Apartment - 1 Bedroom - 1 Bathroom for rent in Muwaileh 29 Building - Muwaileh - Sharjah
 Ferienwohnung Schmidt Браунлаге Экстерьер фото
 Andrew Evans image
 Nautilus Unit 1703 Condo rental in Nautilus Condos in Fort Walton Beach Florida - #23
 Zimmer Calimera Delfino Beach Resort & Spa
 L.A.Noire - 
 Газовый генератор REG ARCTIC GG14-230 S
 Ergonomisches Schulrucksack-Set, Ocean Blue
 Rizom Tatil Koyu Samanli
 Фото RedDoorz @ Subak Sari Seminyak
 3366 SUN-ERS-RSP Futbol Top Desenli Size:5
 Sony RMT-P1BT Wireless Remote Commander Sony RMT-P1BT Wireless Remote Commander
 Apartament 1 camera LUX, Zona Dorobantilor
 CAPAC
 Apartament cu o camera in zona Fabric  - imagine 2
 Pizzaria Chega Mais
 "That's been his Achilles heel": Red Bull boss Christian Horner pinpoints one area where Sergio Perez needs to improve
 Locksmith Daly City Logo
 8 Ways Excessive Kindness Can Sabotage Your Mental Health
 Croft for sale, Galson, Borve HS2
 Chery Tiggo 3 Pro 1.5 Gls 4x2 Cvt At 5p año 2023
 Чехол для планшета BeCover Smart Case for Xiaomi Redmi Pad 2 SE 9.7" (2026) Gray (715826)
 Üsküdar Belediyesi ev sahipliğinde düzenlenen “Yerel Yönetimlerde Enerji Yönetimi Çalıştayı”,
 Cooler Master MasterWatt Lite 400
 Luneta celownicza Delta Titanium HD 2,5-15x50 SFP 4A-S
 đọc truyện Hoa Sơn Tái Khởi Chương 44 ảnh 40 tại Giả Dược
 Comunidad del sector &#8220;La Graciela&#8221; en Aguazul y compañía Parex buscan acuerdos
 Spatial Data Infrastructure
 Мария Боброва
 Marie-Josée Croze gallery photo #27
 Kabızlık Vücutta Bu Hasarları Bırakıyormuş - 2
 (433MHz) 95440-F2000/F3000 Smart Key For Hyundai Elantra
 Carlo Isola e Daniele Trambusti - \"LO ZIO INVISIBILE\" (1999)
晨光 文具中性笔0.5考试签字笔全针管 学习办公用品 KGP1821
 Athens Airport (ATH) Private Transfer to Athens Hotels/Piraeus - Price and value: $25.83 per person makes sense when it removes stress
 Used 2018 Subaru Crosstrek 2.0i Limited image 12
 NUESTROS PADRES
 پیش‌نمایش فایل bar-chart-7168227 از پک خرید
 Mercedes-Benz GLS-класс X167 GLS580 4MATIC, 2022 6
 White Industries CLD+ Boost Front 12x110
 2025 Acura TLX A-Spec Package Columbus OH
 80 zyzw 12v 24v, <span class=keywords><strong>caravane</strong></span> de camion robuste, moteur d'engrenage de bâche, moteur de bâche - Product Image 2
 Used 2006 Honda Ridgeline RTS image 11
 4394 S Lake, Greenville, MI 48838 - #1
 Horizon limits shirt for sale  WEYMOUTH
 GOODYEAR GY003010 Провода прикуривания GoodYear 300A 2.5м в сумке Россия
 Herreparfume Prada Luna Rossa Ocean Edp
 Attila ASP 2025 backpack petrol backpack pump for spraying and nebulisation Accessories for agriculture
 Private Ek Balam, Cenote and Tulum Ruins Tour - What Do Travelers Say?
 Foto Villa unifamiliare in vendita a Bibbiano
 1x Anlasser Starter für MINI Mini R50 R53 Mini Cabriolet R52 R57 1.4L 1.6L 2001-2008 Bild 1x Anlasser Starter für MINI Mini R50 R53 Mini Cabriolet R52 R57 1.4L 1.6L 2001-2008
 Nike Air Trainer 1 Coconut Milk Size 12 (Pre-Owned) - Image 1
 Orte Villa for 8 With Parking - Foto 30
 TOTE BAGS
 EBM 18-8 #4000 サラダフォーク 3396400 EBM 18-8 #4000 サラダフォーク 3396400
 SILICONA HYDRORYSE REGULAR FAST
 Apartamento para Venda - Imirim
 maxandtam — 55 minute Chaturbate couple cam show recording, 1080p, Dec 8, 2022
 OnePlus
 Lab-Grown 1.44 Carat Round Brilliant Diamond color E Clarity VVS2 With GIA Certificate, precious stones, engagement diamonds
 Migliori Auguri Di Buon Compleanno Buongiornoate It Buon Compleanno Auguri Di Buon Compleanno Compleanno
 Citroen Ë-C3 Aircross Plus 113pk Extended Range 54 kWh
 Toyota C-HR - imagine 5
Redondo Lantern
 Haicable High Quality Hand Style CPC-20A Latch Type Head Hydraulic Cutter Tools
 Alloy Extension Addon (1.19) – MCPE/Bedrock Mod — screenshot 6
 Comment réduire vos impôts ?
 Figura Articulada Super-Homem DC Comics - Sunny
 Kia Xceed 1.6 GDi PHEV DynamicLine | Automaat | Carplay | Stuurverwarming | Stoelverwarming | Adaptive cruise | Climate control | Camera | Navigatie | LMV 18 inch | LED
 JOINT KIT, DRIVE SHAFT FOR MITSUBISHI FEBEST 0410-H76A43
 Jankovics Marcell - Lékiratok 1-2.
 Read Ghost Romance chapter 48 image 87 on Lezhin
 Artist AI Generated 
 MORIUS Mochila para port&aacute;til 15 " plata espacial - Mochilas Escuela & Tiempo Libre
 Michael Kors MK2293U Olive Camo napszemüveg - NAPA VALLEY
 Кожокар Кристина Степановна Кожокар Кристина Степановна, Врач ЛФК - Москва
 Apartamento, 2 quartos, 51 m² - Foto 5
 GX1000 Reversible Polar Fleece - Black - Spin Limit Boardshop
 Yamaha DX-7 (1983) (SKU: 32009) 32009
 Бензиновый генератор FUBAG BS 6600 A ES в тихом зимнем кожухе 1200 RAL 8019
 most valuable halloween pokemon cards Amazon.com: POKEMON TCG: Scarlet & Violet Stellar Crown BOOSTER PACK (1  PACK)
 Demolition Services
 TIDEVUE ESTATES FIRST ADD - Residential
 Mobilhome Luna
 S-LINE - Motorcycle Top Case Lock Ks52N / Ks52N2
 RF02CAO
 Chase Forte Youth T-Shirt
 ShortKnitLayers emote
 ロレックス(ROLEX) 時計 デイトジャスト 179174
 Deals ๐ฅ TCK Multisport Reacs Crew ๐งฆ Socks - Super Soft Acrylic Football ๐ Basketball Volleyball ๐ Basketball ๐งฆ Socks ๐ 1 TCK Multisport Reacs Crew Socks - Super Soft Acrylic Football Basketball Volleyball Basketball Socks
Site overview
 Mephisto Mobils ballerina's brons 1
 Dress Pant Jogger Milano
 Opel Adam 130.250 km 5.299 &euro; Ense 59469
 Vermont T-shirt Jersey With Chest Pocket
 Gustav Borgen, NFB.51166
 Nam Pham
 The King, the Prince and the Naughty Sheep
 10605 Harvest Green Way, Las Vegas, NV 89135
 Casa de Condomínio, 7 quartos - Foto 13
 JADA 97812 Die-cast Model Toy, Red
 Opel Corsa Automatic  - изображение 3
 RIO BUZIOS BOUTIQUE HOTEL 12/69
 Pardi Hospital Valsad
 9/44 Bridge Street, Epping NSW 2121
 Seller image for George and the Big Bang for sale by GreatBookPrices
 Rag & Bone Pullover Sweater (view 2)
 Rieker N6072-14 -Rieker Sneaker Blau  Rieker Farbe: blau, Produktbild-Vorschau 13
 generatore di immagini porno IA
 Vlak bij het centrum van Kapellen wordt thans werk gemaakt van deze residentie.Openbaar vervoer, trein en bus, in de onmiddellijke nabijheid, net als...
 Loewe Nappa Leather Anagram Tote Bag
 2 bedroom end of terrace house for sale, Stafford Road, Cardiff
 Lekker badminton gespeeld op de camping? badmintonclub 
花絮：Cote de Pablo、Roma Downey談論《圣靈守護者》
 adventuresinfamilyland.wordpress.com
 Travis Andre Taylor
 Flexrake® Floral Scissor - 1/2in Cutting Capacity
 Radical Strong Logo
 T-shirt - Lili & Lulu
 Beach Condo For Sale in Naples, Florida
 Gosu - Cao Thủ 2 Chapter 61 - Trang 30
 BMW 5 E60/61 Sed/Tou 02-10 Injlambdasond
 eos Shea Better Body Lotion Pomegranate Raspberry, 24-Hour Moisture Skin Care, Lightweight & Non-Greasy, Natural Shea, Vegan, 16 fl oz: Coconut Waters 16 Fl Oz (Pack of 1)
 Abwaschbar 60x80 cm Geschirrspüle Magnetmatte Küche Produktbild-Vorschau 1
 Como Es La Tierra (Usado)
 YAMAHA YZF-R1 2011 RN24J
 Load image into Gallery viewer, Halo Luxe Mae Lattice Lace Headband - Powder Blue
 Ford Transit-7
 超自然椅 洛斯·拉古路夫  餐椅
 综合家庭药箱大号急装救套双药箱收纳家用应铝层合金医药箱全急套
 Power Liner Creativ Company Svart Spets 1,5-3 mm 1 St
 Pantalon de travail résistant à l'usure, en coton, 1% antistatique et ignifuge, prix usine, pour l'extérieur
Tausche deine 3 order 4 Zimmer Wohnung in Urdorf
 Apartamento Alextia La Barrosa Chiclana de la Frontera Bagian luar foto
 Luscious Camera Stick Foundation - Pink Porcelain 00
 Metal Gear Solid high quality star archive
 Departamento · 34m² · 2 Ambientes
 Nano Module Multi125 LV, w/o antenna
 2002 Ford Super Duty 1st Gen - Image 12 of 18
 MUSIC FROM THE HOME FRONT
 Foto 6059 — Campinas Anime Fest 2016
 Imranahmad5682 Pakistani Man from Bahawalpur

^^^^^^^^^^^^^^^^

* _PROBLEM TO SOLVE_
Extract from the listing above the lines between the line containing "Locksmith Daly City Logo" and the line containing "White Industries CLD+ Boost Front 12x110", keeping both of those lines. Output nothing else.

* _TASK RESPONSE_
 Locksmith Daly City Logo
 8 Ways Excessive Kindness Can Sabotage Your Mental Health
 Croft for sale, Galson, Borve HS2
 Chery Tiggo 3 Pro 1.5 Gls 4x2 Cvt At 5p año 2023
 Чехол для планшета BeCover Smart Case for Xiaomi Redmi Pad 2 SE 9.7" (2026) Gray (715826)
 Üsküdar Belediyesi ev sahipliğinde düzenlenen “Yerel Yönetimlerde Enerji Yönetimi Çalıştayı”,
 Cooler Master MasterWatt Lite 400
 Luneta celownicza Delta Titanium HD 2,5-15x50 SFP 4A-S
 đọc truyện Hoa Sơn Tái Khởi Chương 44 ảnh 40 tại Giả Dược
 Comunidad del sector &#8220;La Graciela&#8221; en Aguazul y compañía Parex buscan acuerdos
 Spatial Data Infrastructure
 Мария Боброва
 Marie-Josée Croze gallery photo #27
 Kabızlık Vücutta Bu Hasarları Bırakıyormuş - 2
 (433MHz) 95440-F2000/F3000 Smart Key For Hyundai Elantra
 Carlo Isola e Daniele Trambusti - \"LO ZIO INVISIBILE\" (1999)
晨光 文具中性笔0.5考试签字笔全针管 学习办公用品 KGP1821
 Athens Airport (ATH) Private Transfer to Athens Hotels/Piraeus - Price and value: $25.83 per person makes sense when it removes stress
 Used 2018 Subaru Crosstrek 2.0i Limited image 12
 NUESTROS PADRES
 پیش‌نمایش فایل bar-chart-7168227 از پک خرید
 Mercedes-Benz GLS-класс X167 GLS580 4MATIC, 2022 6
 White Industries CLD+ Boost Front 12x110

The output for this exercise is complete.